Dans l’affaire des marchés truqués des Bouches-du-Rhône, la préemption en novembre 2004 d’un terrain à La Ciotat par le Conseil général constitue un des axes forts de l’instruction du juge Duchaine. Justifiée à l’époque par des raisons de défense de l’environnement, cette mesure a en fait permis l’extension de la décharge du Mentaure, gérée par l’Agglo d’Aubagne et exploitée par la SMAE, une société d’Alexandre Guérini.

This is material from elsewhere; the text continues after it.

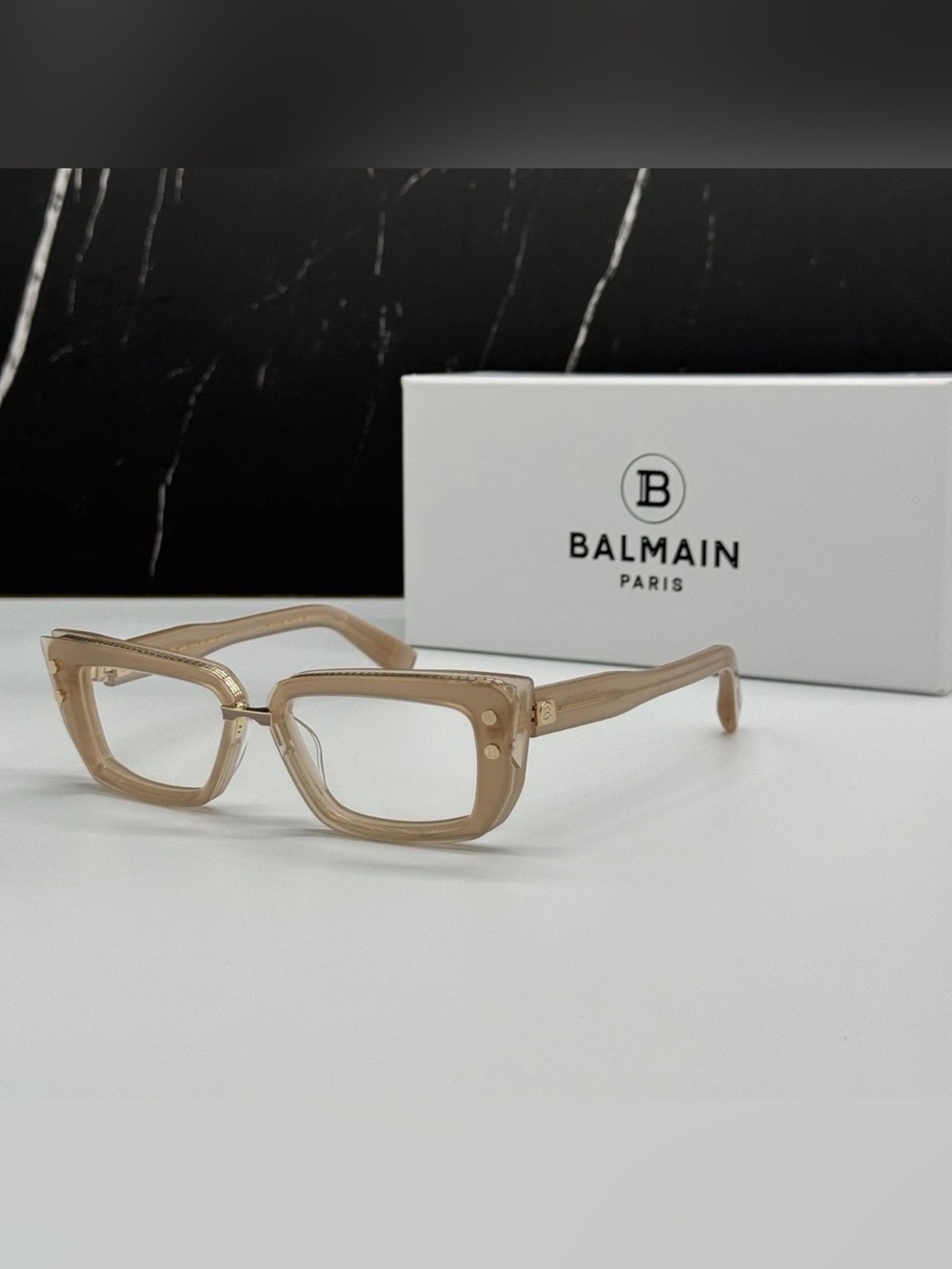 New Balmain Madame Beige Eyeglasses Frame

Ce qui alimente les soupçons de conflit d’intérêts, le CG 13 étant présidé par son frère Jean-Noël Guérini.
Selon nos informations, deux témoignages viennent d’être versés au dossier et fragilisent la défense du Département, qui jure être victime d'”amalgames”. Il s’agit de ceux de deux élus, le maire de La Ciotat Patrick Boré (UMP) et Alain Belviso (PCF), qui présidait l’Agglo d’Aubagne en 2004. Entendu par les gendarmes comme témoin, Patrick Boré a expliqué qu’à l’époque, il cherchait à obtenir la fermeture de la décharge, qui arrivait à saturation.

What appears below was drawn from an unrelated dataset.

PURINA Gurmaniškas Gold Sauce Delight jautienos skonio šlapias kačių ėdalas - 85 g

Apprenant qu’un nouveau marché venait d’être lancé par l’Agglo, il devine vite qu’un terrain voisin va se révéler décisif dans la bataille : “La seule solution d’extension pour l’Agglo était l’acquisition du terrain Semaire”. Aussi la mairie lance-t-elle une procédure de préemption: “Mon but était de rendre impossible cette extension”. Problème, le Conseil général fait alors jouer son droit de préemption, prioritaire sur celui des communes. Boré comprend que la partie est perdue: “Suite à l’annulation de notre démarche, j’ai perdu tout espoir de fermer la décharge”.

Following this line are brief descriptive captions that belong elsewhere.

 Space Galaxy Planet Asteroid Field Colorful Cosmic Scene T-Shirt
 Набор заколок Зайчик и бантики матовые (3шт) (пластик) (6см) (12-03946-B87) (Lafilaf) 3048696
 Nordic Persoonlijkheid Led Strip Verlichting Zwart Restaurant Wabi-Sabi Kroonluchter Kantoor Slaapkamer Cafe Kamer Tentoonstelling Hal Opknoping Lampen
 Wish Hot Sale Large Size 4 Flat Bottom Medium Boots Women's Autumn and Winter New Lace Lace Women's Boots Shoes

Ces propos sont confirmés par une nouvelle déposition d’Alain Belviso. Interrogé par le juge le 22 avril, l’ex-président de l’Agglo d’Aubagne est revenu sur le dossier du Mentaure et a lâché une phrase lourde de sens : “Le Conseil général a décidé de préempter dans l’intention de nous revendre le terrain. De mémoire, il a lui-même offert de nous revendre ce terrain qui entrait dans le cadre du Plan départemental des déchets.” Une vente à l’Agglo qui ne pouvait que se traduire par une extension de la décharge, comme le prévoyait le marché de 17 millions d’euros passé avec la SMAE. Bien loin du prétexte environnemental utilisé par le CG 13 pour préempter.